(Saved entries)
• • • •
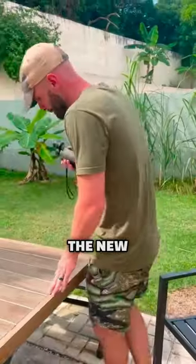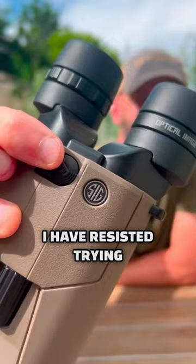I hate these things. The new SIG Zulu 6 image stabilization binoculars. I have resisted trying IS binoculars for a few years. I hate the clarity of the glass on these binoculars, I hate the low light performance, and I hate the small field of view they have compared to a lot of other binoculars.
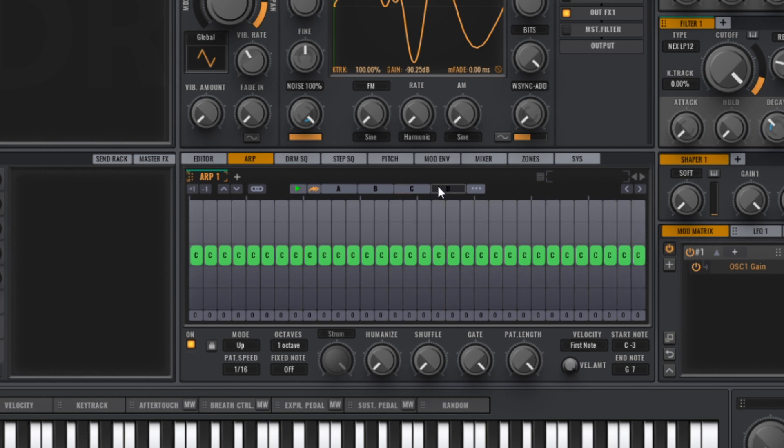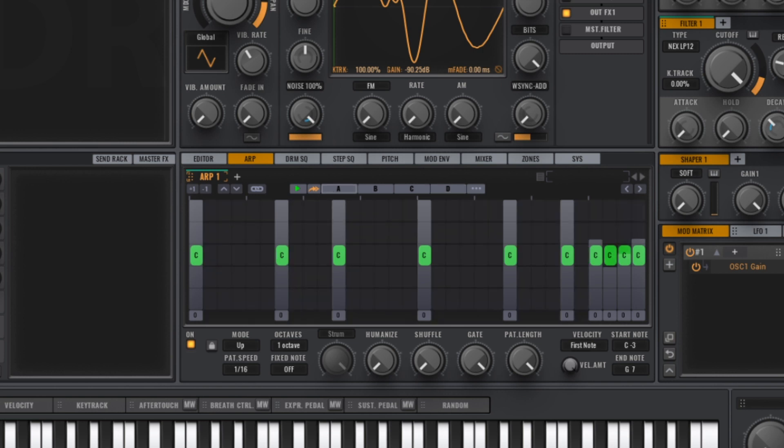On the fourth page I'm just leaving a sound on every beat. And here's what the whole sequence sounds like.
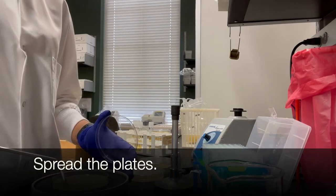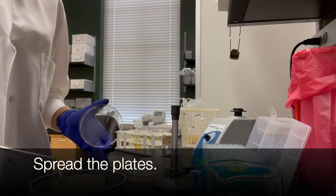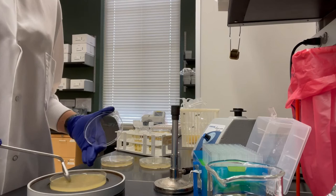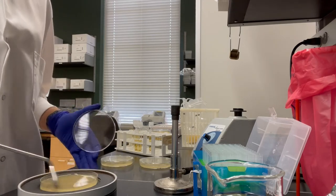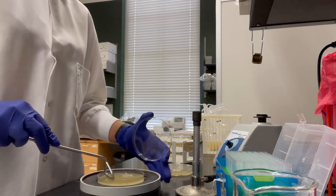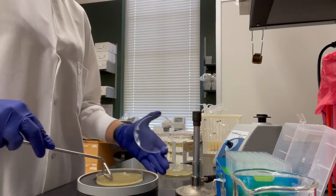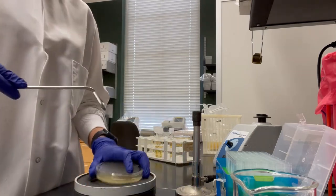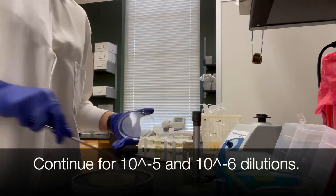Spread the plates like normal. Continue for dilutions 10 to the minus 5 and 10 to the minus 6.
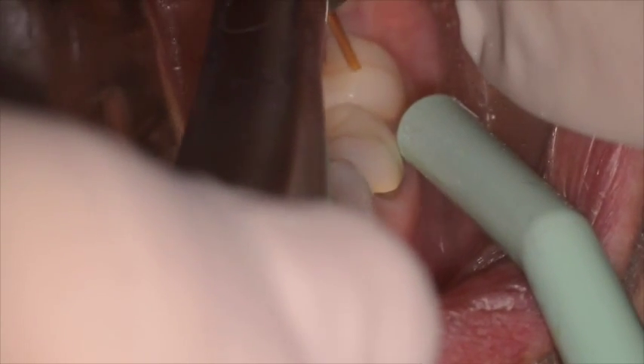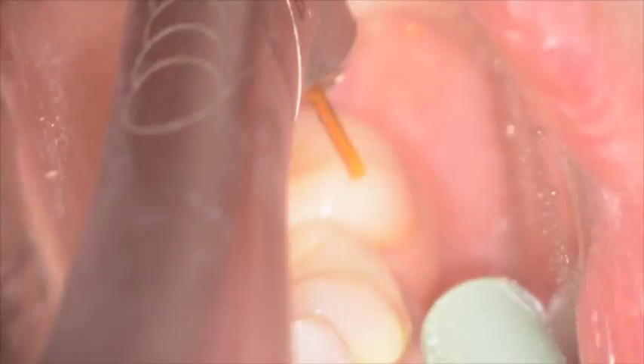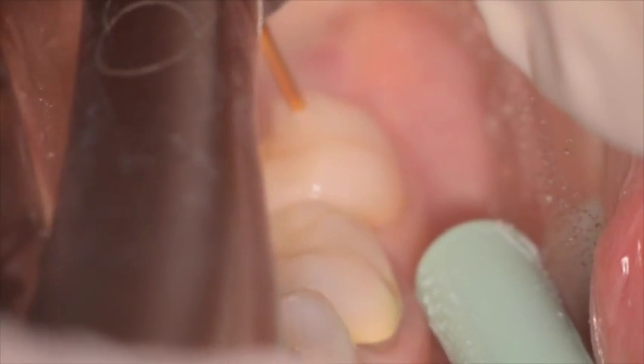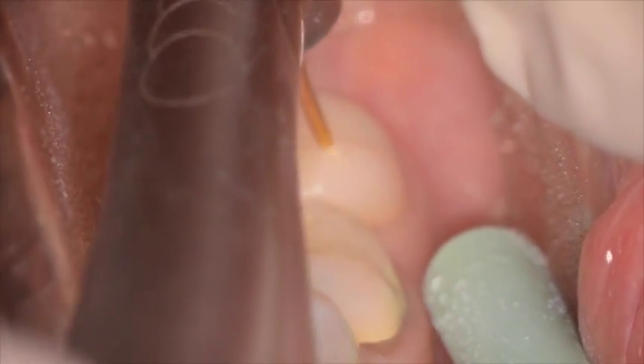The tip is carried just out of contact and slowly moved over the remaining porcelain surface, interacting by transmitting through the porcelain with the silane bond and weakening that bond. This allows you to remove the fractured portion of the crown by mechanical means.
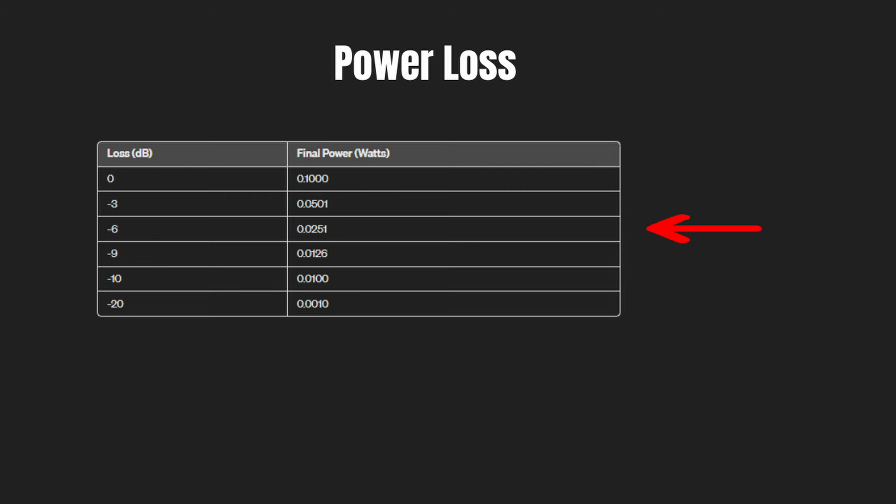At 6 dB, our power is halved again, and at 9 dB, it's halved once again. The scale changes at 10 dB — now the signal is a tenth of what it was.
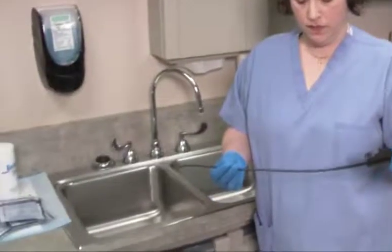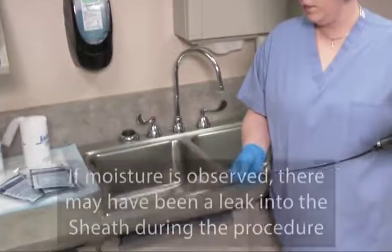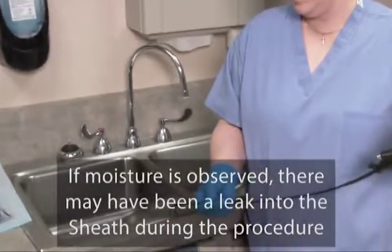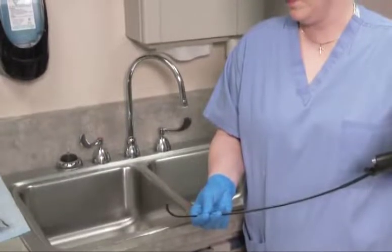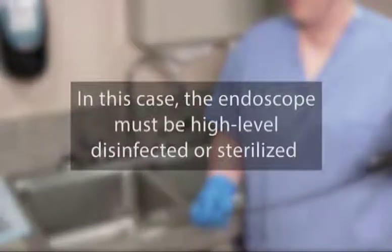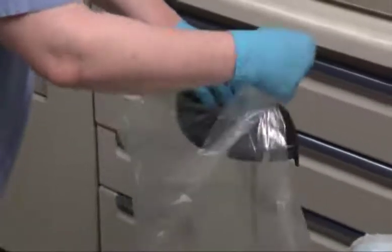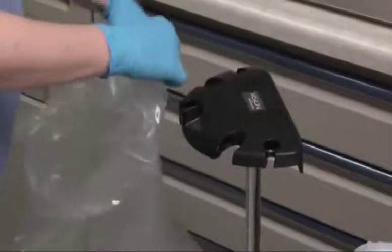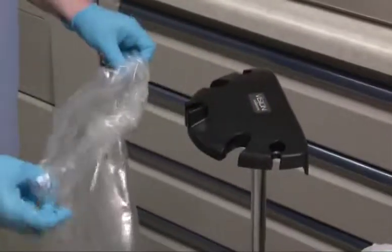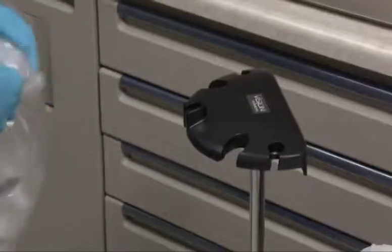Inspect the insertion tube and distal tip and confirm that these areas are dry. If moisture is observed, there may have been a leak into the sheath during the procedure, provided that the endoscope was dry when the sheath was attached. In this case, the endoscope must be high-level disinfected or sterilized. Fold the top end of the contaminated drape bag over the endosheath connector and remove it from the installation stand. Carefully discard the contaminated sheath per hospital or facility policy. The endoscope should then undergo the recommended cleaning and disinfecting procedure.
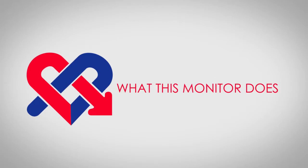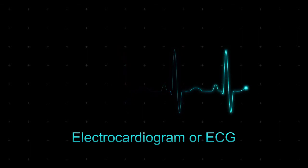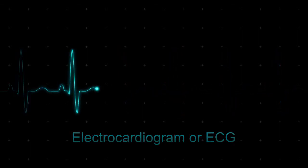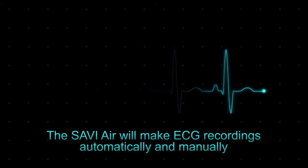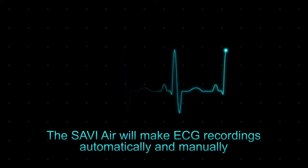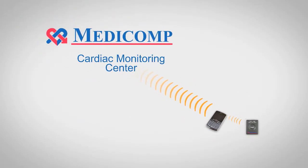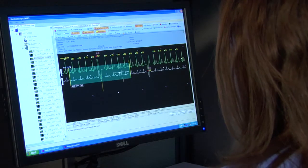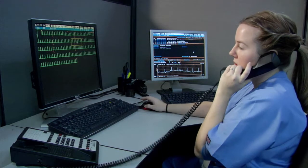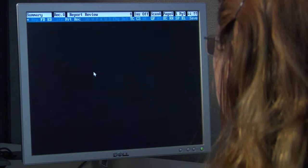What this monitor does. Savvy Air will allow you to record your own electrocardiogram, commonly known as an ECG, when you feel a symptom. The monitor will also make an ECG recording on its own, automatically, without your interaction, whenever it detects a possible arrhythmia, even when you don't feel a symptom. Your ECG recordings will be sent wirelessly via the cellular network to one of Medicomp's 24-hour cardiac monitoring centers. Our team of cardiac specialists is on hand 24 hours a day, 7 days a week to receive and review your ECG data, and then compile detailed reports for your doctor.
• • • •
What the task requires:
Only the words belong in your copy: restate the data above exactly and leave the images out.

Answer section:
I hate these things. The new SIG Zulu 6 image stabilization binoculars. I have resisted trying IS binoculars for a few years. I hate the clarity of the glass on these binoculars, I hate the low light performance, and I hate the small field of view they have compared to a lot of other binoculars.
On the fourth page I'm just leaving a sound on every beat. And here's what the whole sequence sounds like.
Spread the plates like normal. Continue for dilutions 10 to the minus 5 and 10 to the minus 6.
The tip is carried just out of contact and slowly moved over the remaining porcelain surface, interacting by transmitting through the porcelain with the silane bond and weakening that bond. This allows you to remove the fractured portion of the crown by mechanical means.
At 6 dB, our power is halved again, and at 9 dB, it's halved once again. The scale changes at 10 dB — now the signal is a tenth of what it was.
Inspect the insertion tube and distal tip and confirm that these areas are dry. If moisture is observed, there may have been a leak into the sheath during the procedure, provided that the endoscope was dry when the sheath was attached. In this case, the endoscope must be high-level disinfected or sterilized. Fold the top end of the contaminated drape bag over the endosheath connector and remove it from the installation stand. Carefully discard the contaminated sheath per hospital or facility policy. The endoscope should then undergo the recommended cleaning and disinfecting procedure.
What this monitor does. Savvy Air will allow you to record your own electrocardiogram, commonly known as an ECG, when you feel a symptom. The monitor will also make an ECG recording on its own, automatically, without your interaction, whenever it detects a possible arrhythmia, even when you don't feel a symptom. Your ECG recordings will be sent wirelessly via the cellular network to one of Medicomp's 24-hour cardiac monitoring centers. Our team of cardiac specialists is on hand 24 hours a day, 7 days a week to receive and review your ECG data, and then compile detailed reports for your doctor.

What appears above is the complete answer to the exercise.